After a few days of rather mild temps, it’s starting to heat up here in Kansas again. That means, of course, that I’m hankering for cool treats, and my jones has been made all the worse thanks to a friend from NYC who sent an email today raving about her latest find: a gelato from a new place called Grom that opened in Manhattan just over a month ago.
“You’ve never tasted anything like this,” she tells me. “Sweet, creamy. Every spoonful tastes like an Italian vacation.” It doesn’t help that my friend is one of those fortunate few who’s been blessed with a hummingbird’s metabolism and has never, despite having three kids, outgrown her size 2 jeans. The bitch.
So it’s some comfort to me, at least, that she’s having to stand in line for half an hour to place her order. Half an hour! Sorry, by that time I’d have had to go somewhere else to grab a bite to eat lest I faint from hunger. Not her, though.

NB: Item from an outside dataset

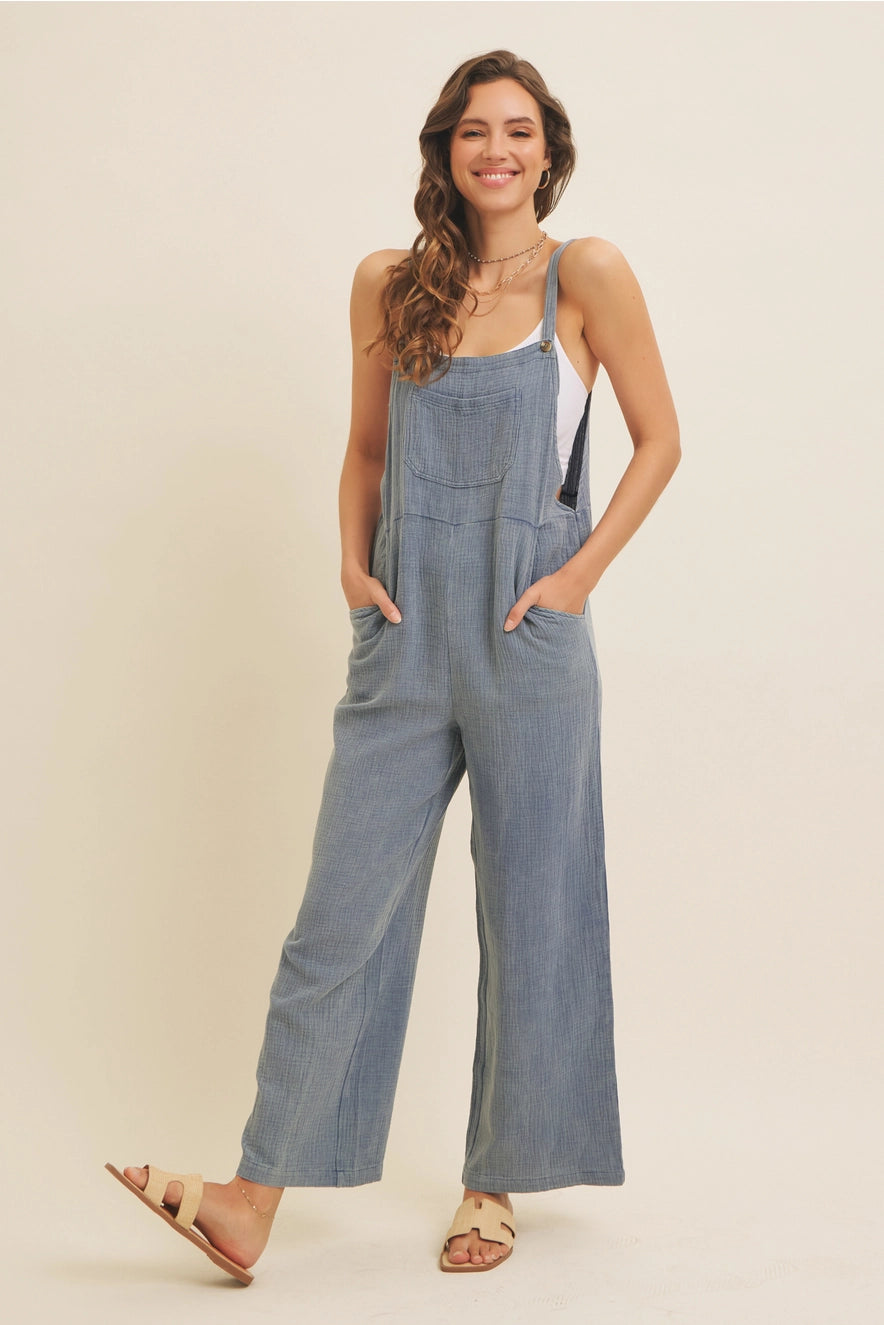 Mineral-Washed Gauze Overall Jumpsuit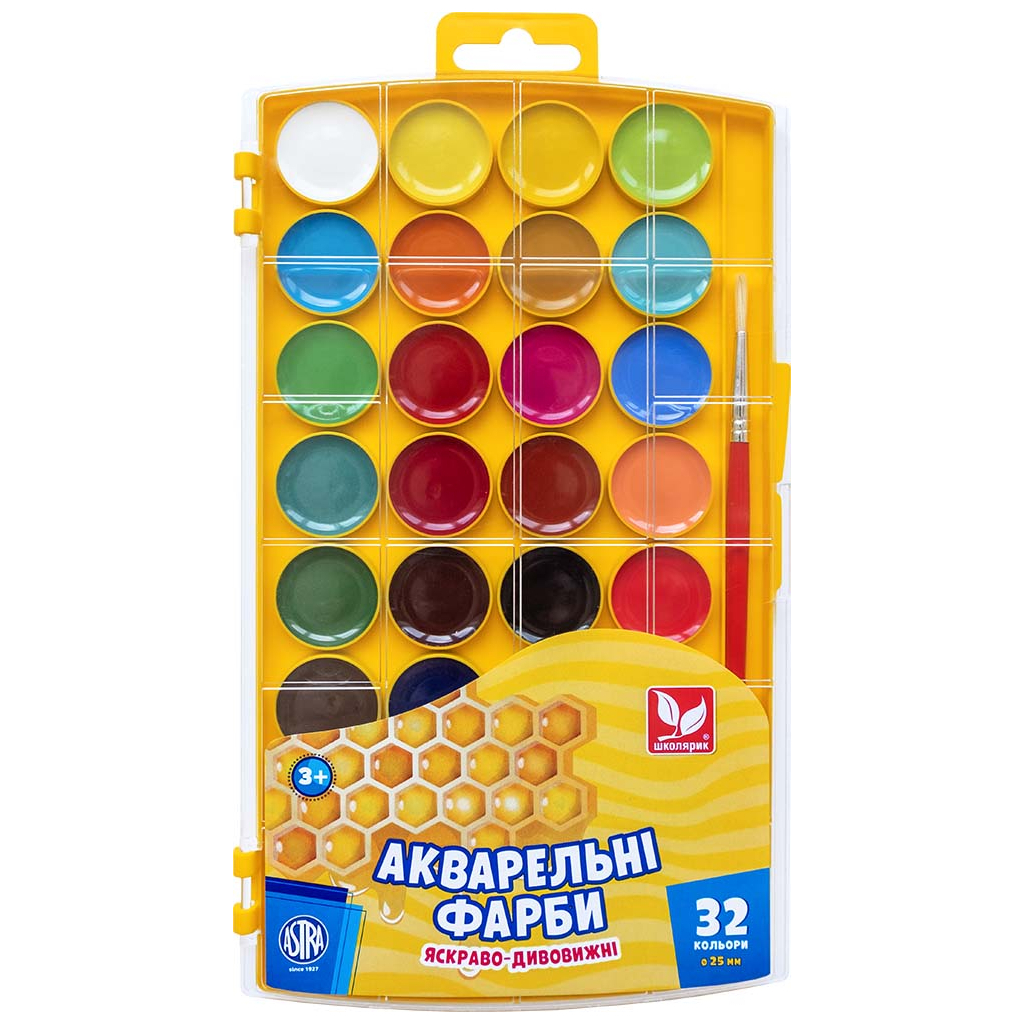 Акварельні фарби Школярик Медові 32 кольори (302023002-UA) - зображення 1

An even greater comfort: that half-cup of Grom Gelato is 215 calories. She’s ordering two at a time every day, claiming that with her metabolism she can handle the extra callories.
Meanwhile, Grom’s owners are banking on their product’s addictive qualities. Says Mr. Grom:
“..we think our gelato is like a drug. Once they have their free taste, they’ll be hooked.”
Anyone remember that Seinfeld episode where Elaine, Neuman and others went gaga over the frozen low-fat yogurt that turned out to pack a caloric wallop? I am so praying that life imitates art.
Yeah, I guess I’m evil that way. But did I mention: three kids and size two jeans? The bitch.